Blog Post #3: Artificial intelligence and reducing bias
The article for
the Wall Street Journal titled “Rise of AI puts the spotlight on Bias in algorithms”
written by Isabelle Bousquette explores the recent hype around generative AI
such as chat GPT which has emphasized the ongoing challenges that businesses
all around the world are facing in order to keep bias out of the algorithms their
AI uses.
Bias has been a persistent issue, often in part because the AI has been trained
on skewed information by using non-representative data sets since these AI
algorithms are built by people who have their own biases that are reflected in
their work.
While many companies are investing large sums of money to reduce bias in their algorithms,
they are often only backing systems, processes and tools that do so proactively.

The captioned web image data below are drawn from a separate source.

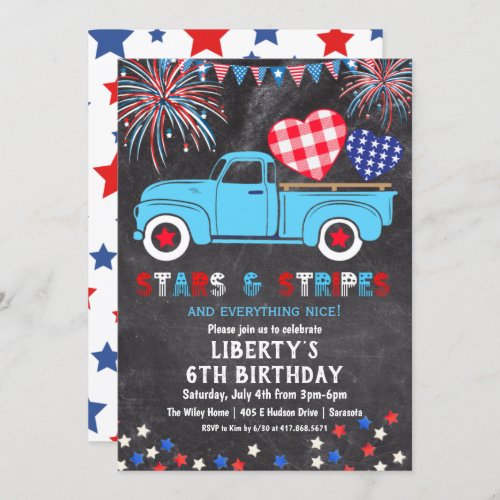 ANY AGE _ 4th of July Birthday Party Invitation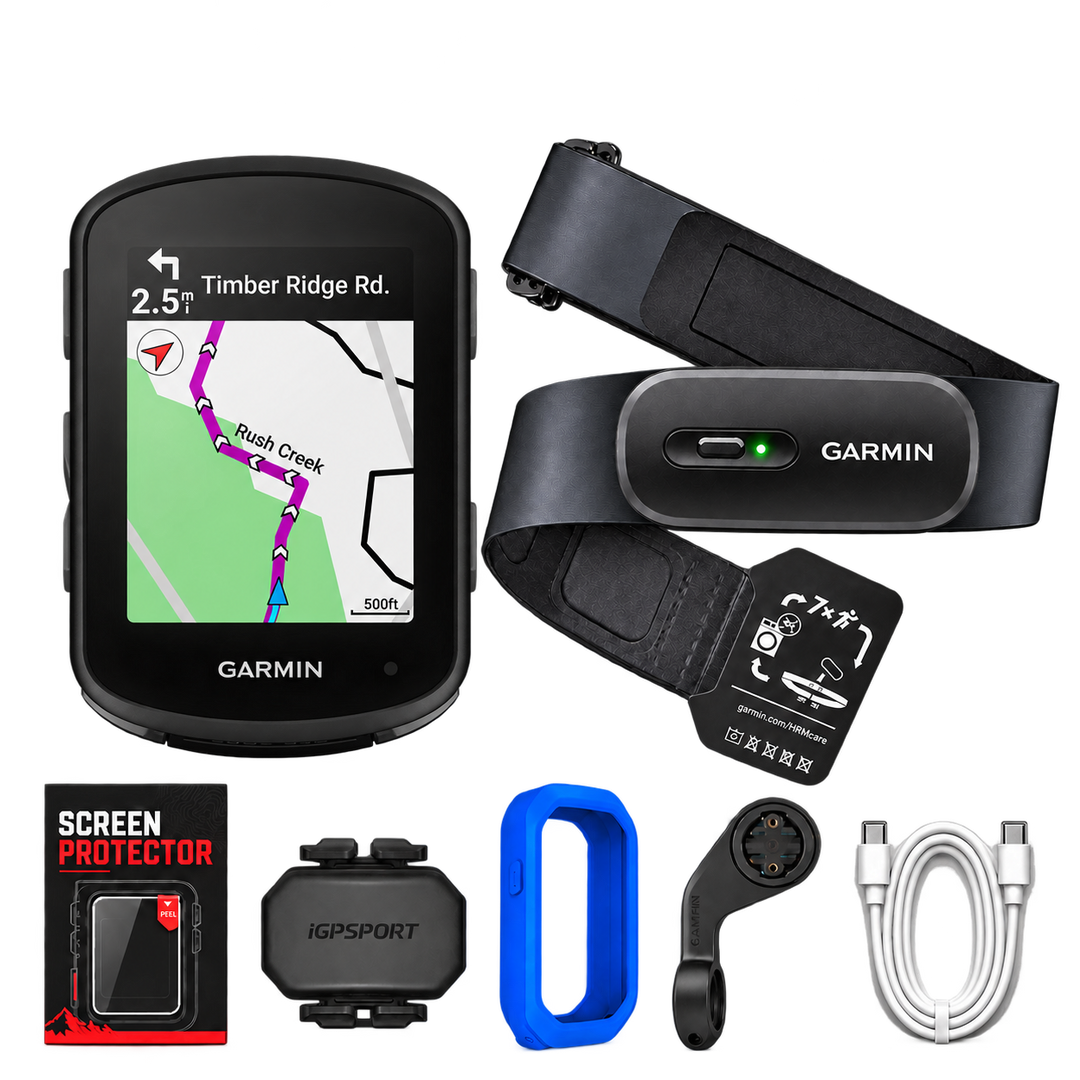 Garmin Edge 840 Performance Bundle with HRM beside the computer and five evenly spaced bottom accessories: screen protector, cadence sensor, blue case, bike mount and white USB-C cable
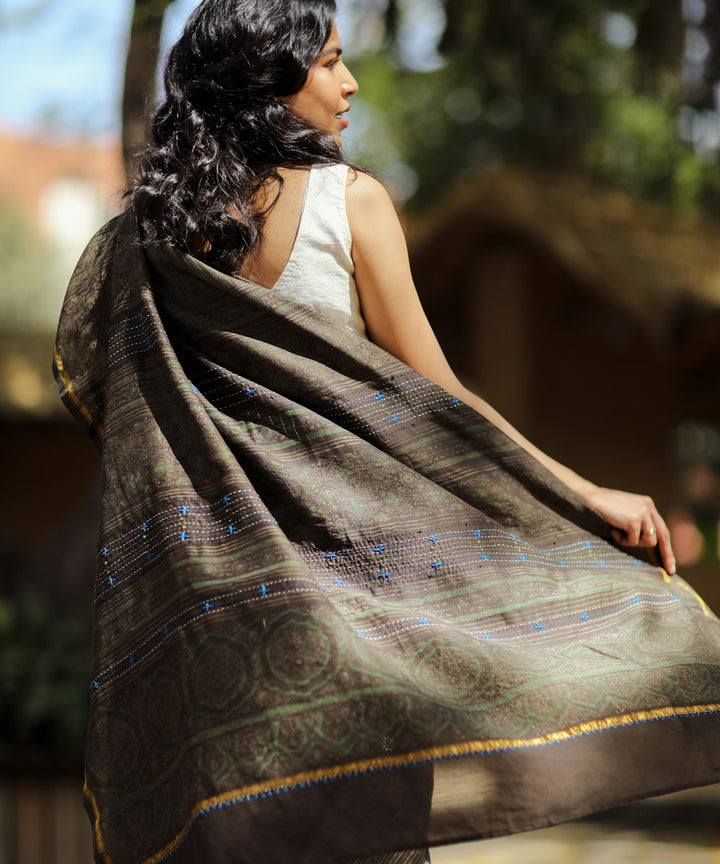 Moss green sico ajrakh block print and embroidery chanderi saree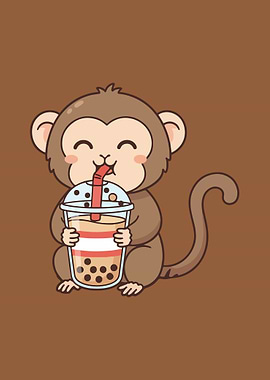 Cute Monkey Drinking Bubble Tea Cartoon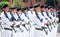 Soldiers of the Italian Army deployed in a barracks during a military parade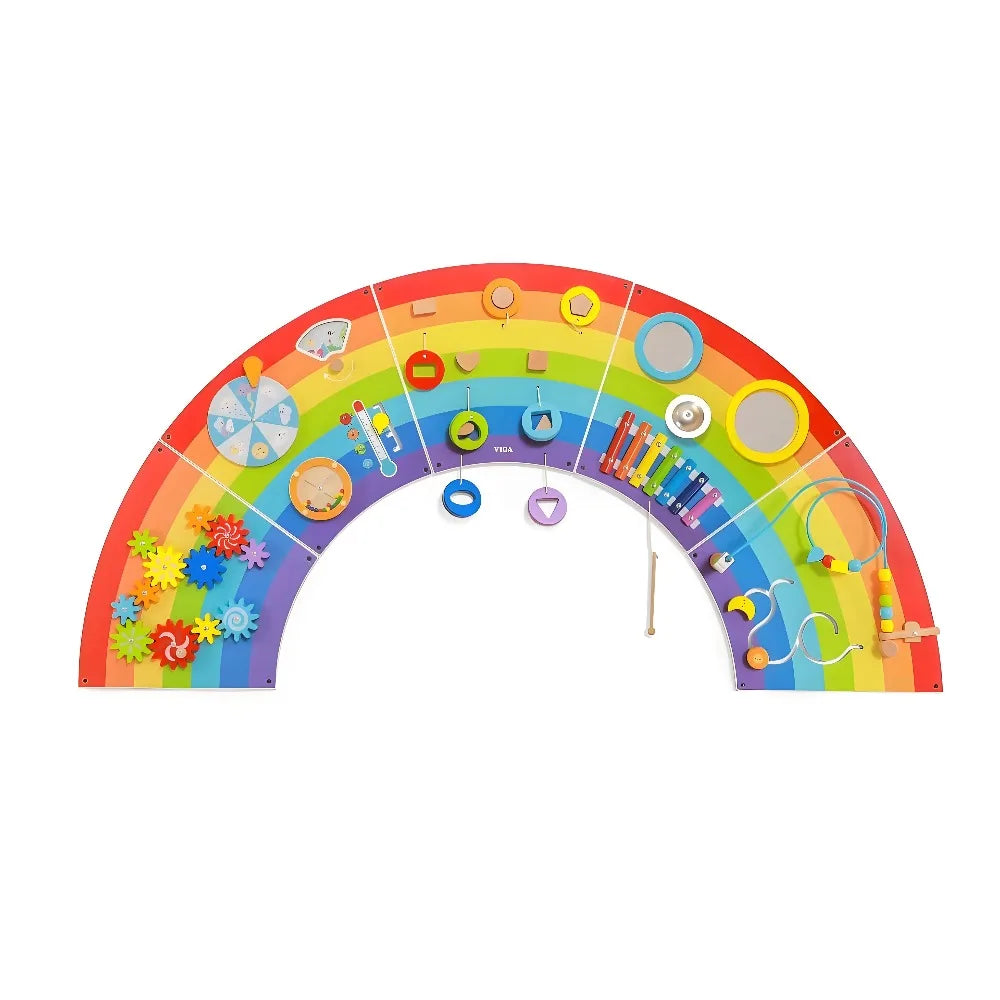 🦁 Montessori Wooden Busy Board – Sensory Wall Panel for Kids
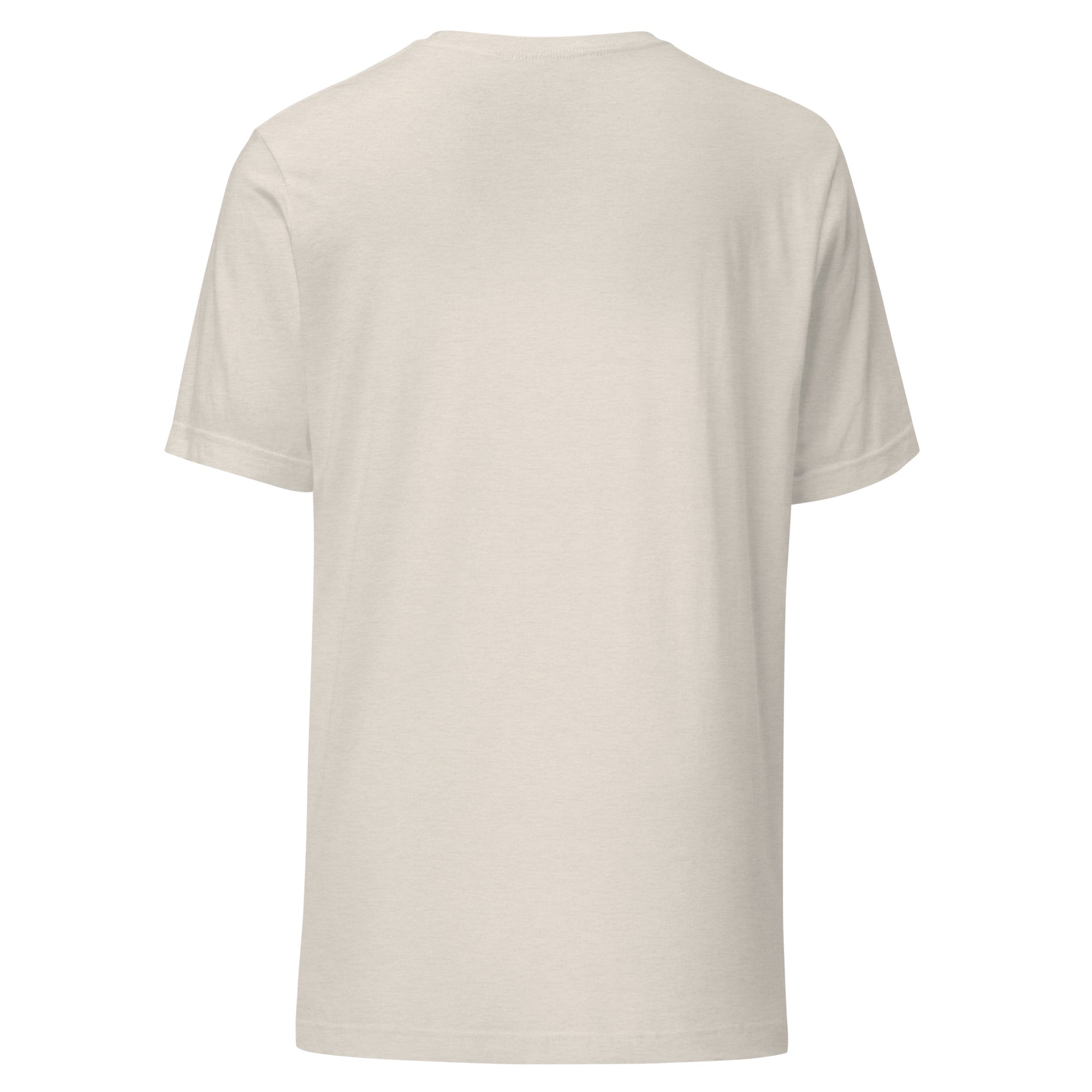 Back view of a Unisex t-shirt made from soft, lightweight 100% cotton, perfect for comfort and style.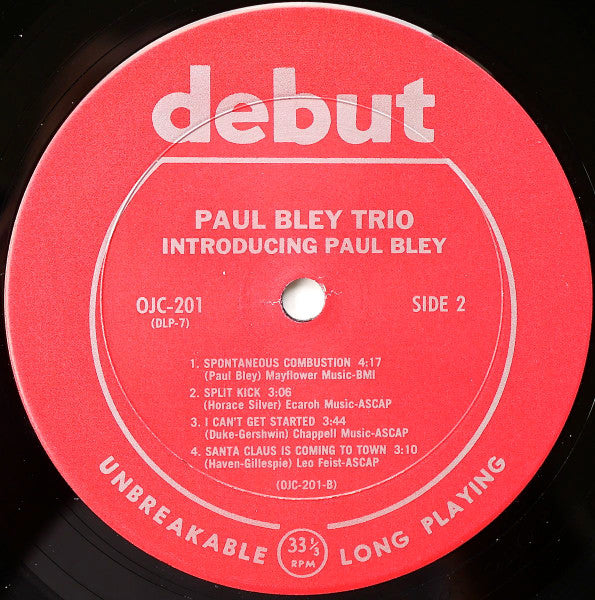 Paul Bley - Introducing Paul Bley (LP) [US] 1985 RP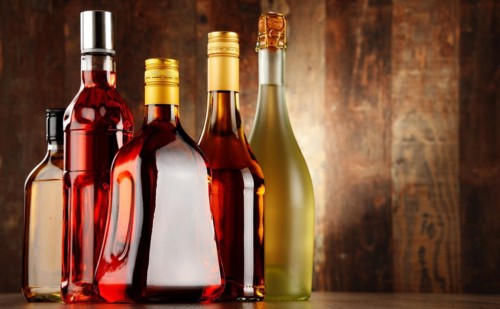 Bottles of assorted alcoholic beverages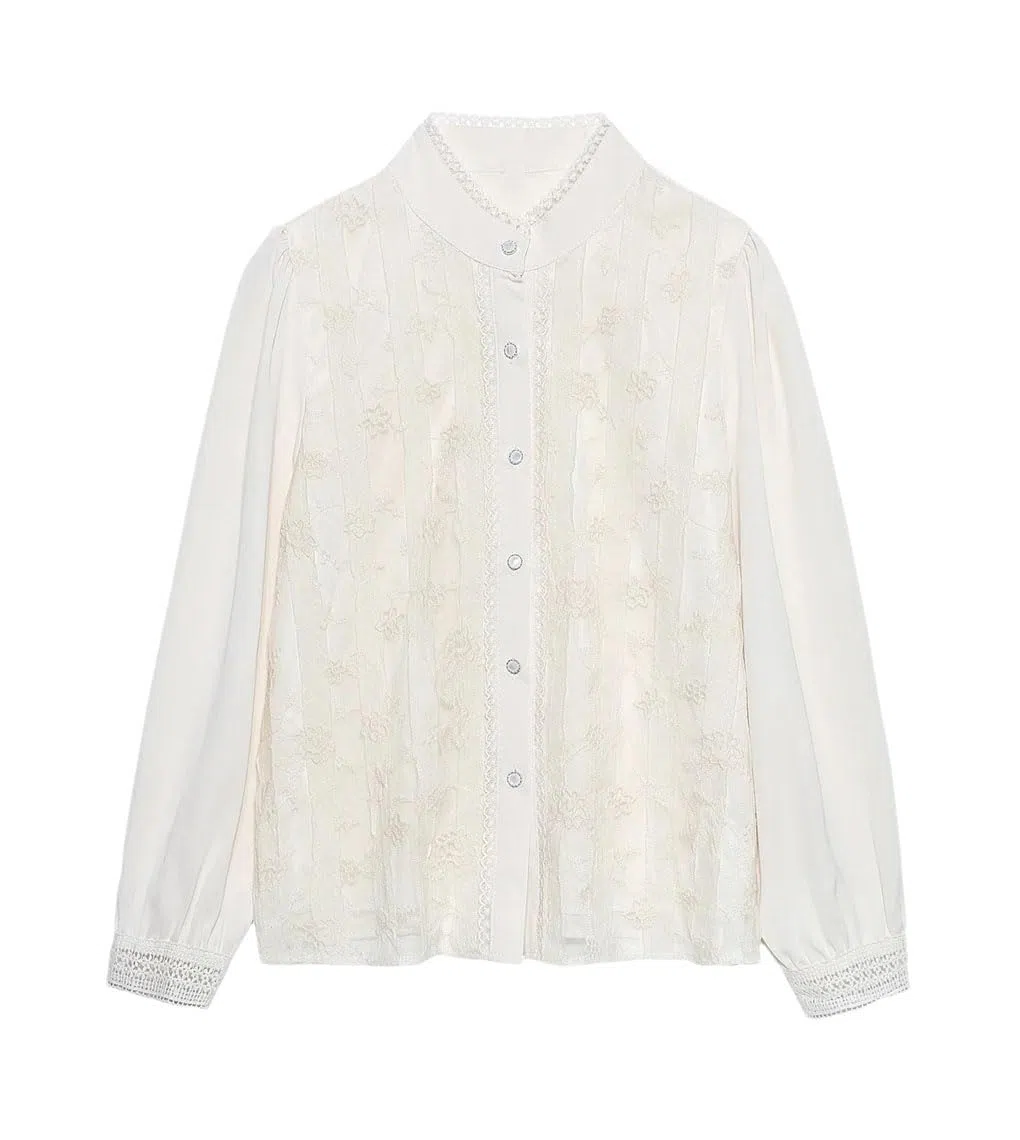 Blusa de manga larga con cuello alto para mujer, de gasa, con botones, para oficina, trabajo, negocios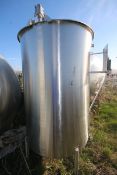 S/S 450 Gal. Vertical S/S Single Wall Tank, Aprox. 66" H x 47" Dia., Mounted on S/S Legs (LOCATED IN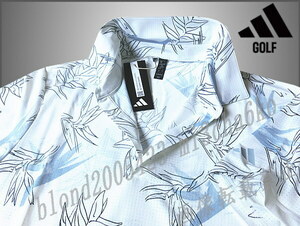 ■新品【adidas GOLF】アディダスゴルフ 軽量通気性素材ノベルティープリント半袖ポロシャツ■WH/L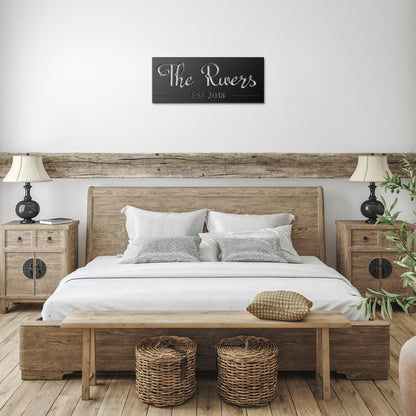 Personalized Modern Family Name Sign, w/ Established Date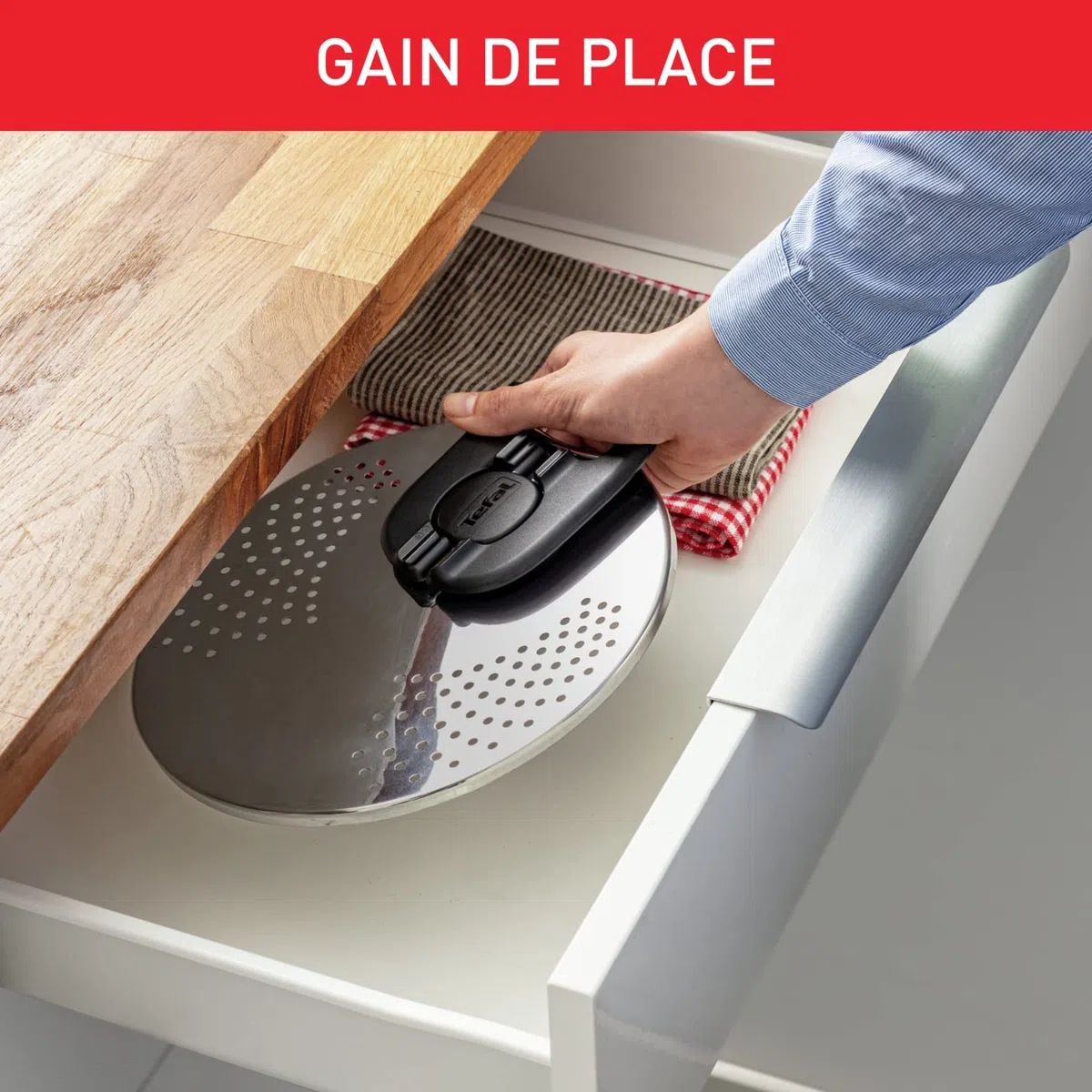 Tefal Ingenio - Tapa escurridor, acero inoxidable, fácil almacenamiento, multidiámetro, compatible con Ingenio, apto para lavavajillas L9829402, acero inoxidable y negro, tapa escurridor, 14-20 cm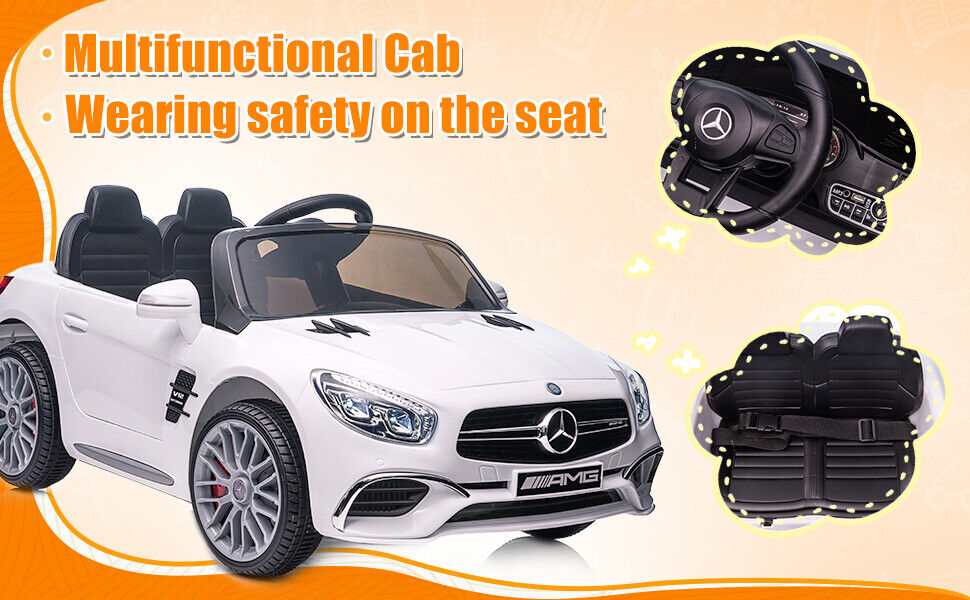 Licensed Mercedes Benz AMG SL65 Electric Ride-On Car for Kids with Remote Control - 12V USA Edition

The costs of retroactively limiting bias for established systems are quite high
and the situation is less than ideal as it’s significantly more difficult to
remove bias later on from an AI algorithm than it is to address the bias from
the start. Currently, companies haven’t built controls for AI bias into their
software development cycles the same way that cyber security does.
As noted earlier in order to efficiently address bias, it is important to embed
controls and governance at the start of the algorithm build rather than
deploying control algorithms and assessing what damage has been done since
there are significantly more challenges in understanding why the algorithm
generated a particular response after the fact and is even more difficult to
understand with more complex deep learning AI algorithms. “Companies must
address bias from the beginning, said Rajat Taneja, President of Technology at
Visa Inc. Before any model is deployed at Visa, it is assessed by a model risk
management organization and a team that tests for potential unintended impacts,
ensuring the model adheres to Visa’s principles of responsible and ethical AI.”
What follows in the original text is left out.